▶ **REQUIREMENT**:
Your result will be the set of lines with "Size", copied from the material below.

▶ **GIVEN DATA**:

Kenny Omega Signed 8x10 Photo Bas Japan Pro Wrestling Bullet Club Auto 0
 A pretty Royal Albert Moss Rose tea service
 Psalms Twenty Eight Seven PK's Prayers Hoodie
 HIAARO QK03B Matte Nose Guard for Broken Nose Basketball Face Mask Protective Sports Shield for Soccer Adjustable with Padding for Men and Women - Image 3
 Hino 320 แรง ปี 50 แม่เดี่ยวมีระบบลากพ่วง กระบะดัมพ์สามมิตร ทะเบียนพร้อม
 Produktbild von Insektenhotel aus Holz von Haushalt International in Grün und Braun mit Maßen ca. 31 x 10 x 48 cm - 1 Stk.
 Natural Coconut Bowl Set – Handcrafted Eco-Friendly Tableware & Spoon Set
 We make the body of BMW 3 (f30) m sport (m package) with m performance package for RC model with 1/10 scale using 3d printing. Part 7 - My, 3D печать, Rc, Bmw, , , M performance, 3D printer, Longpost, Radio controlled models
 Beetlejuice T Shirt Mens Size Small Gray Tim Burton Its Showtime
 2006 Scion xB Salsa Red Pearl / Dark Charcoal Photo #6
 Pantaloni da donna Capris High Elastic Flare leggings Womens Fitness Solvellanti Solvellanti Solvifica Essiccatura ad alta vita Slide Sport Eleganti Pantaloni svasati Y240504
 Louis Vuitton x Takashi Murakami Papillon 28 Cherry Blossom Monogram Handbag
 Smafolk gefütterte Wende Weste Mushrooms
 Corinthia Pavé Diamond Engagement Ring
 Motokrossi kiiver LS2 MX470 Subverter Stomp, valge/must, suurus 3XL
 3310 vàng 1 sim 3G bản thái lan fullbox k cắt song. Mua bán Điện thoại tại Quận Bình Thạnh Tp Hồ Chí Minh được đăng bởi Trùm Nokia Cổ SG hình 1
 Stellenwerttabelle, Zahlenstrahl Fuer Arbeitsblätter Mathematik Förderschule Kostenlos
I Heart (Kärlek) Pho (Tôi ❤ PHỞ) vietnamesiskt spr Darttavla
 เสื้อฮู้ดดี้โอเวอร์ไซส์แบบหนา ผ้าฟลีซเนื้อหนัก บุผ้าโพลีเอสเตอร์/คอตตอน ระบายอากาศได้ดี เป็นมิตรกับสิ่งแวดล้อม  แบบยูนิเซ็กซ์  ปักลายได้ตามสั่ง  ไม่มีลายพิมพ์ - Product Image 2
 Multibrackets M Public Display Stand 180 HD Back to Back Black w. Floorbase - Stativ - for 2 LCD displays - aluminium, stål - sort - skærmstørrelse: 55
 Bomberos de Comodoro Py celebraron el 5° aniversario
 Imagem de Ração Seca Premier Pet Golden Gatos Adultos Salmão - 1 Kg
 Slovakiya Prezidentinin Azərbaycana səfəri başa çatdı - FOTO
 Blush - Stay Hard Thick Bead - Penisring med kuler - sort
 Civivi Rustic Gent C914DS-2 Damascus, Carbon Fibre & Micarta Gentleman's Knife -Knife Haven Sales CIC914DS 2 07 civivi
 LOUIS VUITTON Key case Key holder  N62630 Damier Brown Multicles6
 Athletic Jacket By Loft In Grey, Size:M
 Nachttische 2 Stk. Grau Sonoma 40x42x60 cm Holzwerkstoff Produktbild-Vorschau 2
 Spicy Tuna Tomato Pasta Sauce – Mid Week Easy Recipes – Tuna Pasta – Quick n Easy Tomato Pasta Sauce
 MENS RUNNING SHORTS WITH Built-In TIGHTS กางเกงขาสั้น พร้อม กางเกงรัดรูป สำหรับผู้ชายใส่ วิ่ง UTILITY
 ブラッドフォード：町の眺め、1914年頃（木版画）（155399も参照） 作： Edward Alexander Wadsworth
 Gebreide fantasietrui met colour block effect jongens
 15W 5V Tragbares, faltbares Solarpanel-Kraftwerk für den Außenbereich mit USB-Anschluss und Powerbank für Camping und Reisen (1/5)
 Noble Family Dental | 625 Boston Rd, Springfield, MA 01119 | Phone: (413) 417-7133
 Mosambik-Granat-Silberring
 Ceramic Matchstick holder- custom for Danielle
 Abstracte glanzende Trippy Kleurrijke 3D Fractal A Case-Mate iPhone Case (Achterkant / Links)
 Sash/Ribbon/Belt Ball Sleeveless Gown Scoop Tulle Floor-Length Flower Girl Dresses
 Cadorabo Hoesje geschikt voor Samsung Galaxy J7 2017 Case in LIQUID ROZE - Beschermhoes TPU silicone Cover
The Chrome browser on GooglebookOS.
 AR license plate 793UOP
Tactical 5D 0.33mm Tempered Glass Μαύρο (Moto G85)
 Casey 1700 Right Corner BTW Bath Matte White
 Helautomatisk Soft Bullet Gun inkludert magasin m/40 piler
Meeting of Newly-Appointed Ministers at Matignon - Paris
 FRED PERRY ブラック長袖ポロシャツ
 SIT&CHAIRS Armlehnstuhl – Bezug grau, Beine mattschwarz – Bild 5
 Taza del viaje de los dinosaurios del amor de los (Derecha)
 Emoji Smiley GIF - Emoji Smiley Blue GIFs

▶ **ANSWER FOR THIS EXERCISE**:
 Beetlejuice T Shirt Mens Size Small Gray Tim Burton Its Showtime
 Athletic Jacket By Loft In Grey, Size:M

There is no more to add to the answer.